COLORADO SPRINGS, Colo. -

Colorado Springs officials on Wednesday finally broke their silence on a year-long ambulance controversy and explained why they won't renew their contract with AMR.

During a meeting of the El Paso County Emergency Services Agency, city Fire Chief Rich Brown read a prepared statement which stated the city won't renew its contract with AMR and will seek another ambulance provider.  The city has until April 2014 to find a replacement.

After months of declining to explain the situation to board members, the statement revealed the city seeks a new contract that "should be controlled, conducted, negotiated and managed by the fire department."

The city wants such a contract, according to the statement, because it handles 85 percent of all emergency transports and 76 percent of 911 calls within the county.

City officials were unavailable for interviews after the board meeting.  However, board members Carl Tatum and Sallie Clark expressed disappointment about the city's decision.

"Some of the stuff in (Brown's) prepared statement, I think was misleading or untrue," said Tatum.  "(His) argument is that (the city) needs to be compensated for the five or ten minutes they're on-scene.  I believe that they are being compensated through taxes."

Tatum said there is surprise and even anger about the city's decision.

"The city is trying to get $2.4 million from its current contract," said Tatum.  "I don't believe they're going to get the level of service they (have) now, for any less money."

Tatum said he believes city residents could pay up to 40 percent more for ambulance service from a new provider.  He said he bases that on a 19 percent increase in Aurora when that city switched providers last year.

A medical transport by AMR costs between $600 and $2,500, depending on a patient's condition.

What remains unclear is whether the city's apparent departure from the ESA organization will convince the ESA's remaining 25 members to stay together as a group, or seek their own deals with ambulance providers.  Tatum said the members will meet and decide before next April's contract deadline.
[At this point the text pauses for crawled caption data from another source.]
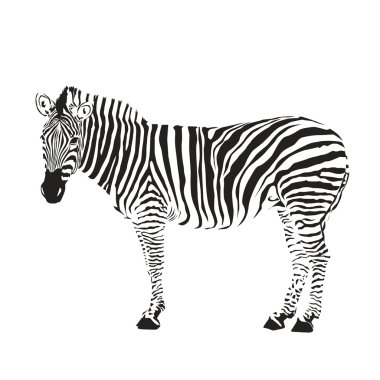 zebra siluet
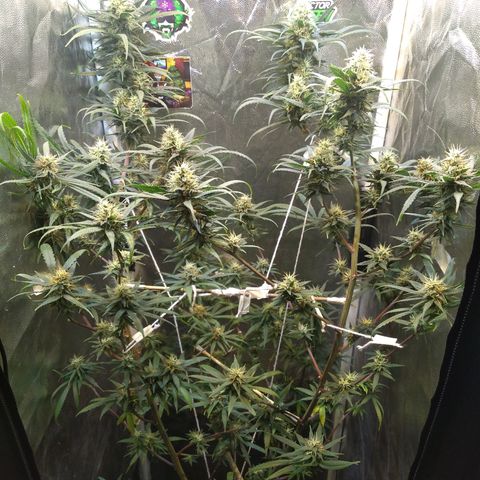Critical Purple ♀️ growlog timeline photo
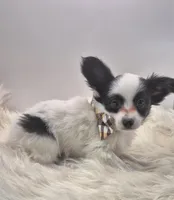 Papillon pomeranian boy 5, a male Papillon for sale in Homeworth, OH – Photo 3 of 6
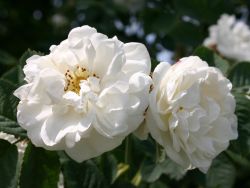 Parkrose 'Alba Suaveolens' 20,90 Euro/Stück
The city's decision also could have long-term negative impacts on ambulance availability, response times and patient costs, said Tatum.

Scott McCune, AMR's operations manager in El Paso County, said he's not ruling his company out of the city's picture yet.
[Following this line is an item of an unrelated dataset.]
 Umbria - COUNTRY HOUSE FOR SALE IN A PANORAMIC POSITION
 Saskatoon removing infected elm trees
"We've been providing (them) service since 1979," said McCune.  "I can't imagine (us) not being here.  I think we're just waiting to see what the city has and what the specifics are going to be, then we can go from there."
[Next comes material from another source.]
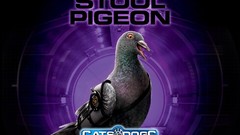 Movies Pigeons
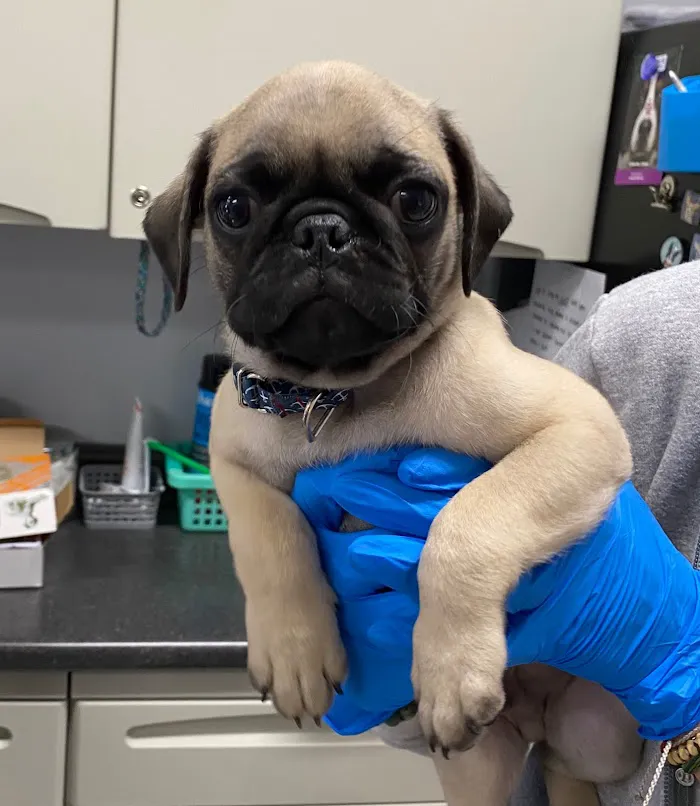 Keys Animal Care Center 12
The city left open the option of considering a new contract that would also serve the rest of the ESA.  McCune said only one provider, a Denver-based company, is equipped to serve an area the size of El Paso County.

That fact has generated talk that the city might somehow provide its own ambulance service -- using existing fire stations, paramedic vehicles and personnel.  However, the city has not publicly discussed such a plan, and it seems unpopular with board members.

"The city just got out of the health care business," said Tatum, referring to the recent sale of Memorial Hospital.  "Why would they want to get back into it?"

Local residents shared their opinions about the city's decision with KRDO NewsChannel 13.

"I'm happy with (AMR's) service," said city resident Tami Dabbs.  "I've had to use them a few times myself, for my mother.  She's elderly, and they've come very quickly and on time."

"I believe it would be OK if (the city) contracted out and did other things here," said Heather Nanney, a county resident.  "It would get response to more people."

Mike Olmstead, a county resident, said he's a former emergency medical technician and understands the issue.

"I know some of the (medics)," he said.  "I don't understand why you get rid of something that's worked."

The financial aspect of the city's decision worried city resident Jayne Fisher.

"Our taxes keep getting raised, and we aren't getting paid more," she said.  "So why should we have to pay more in order to have that service?"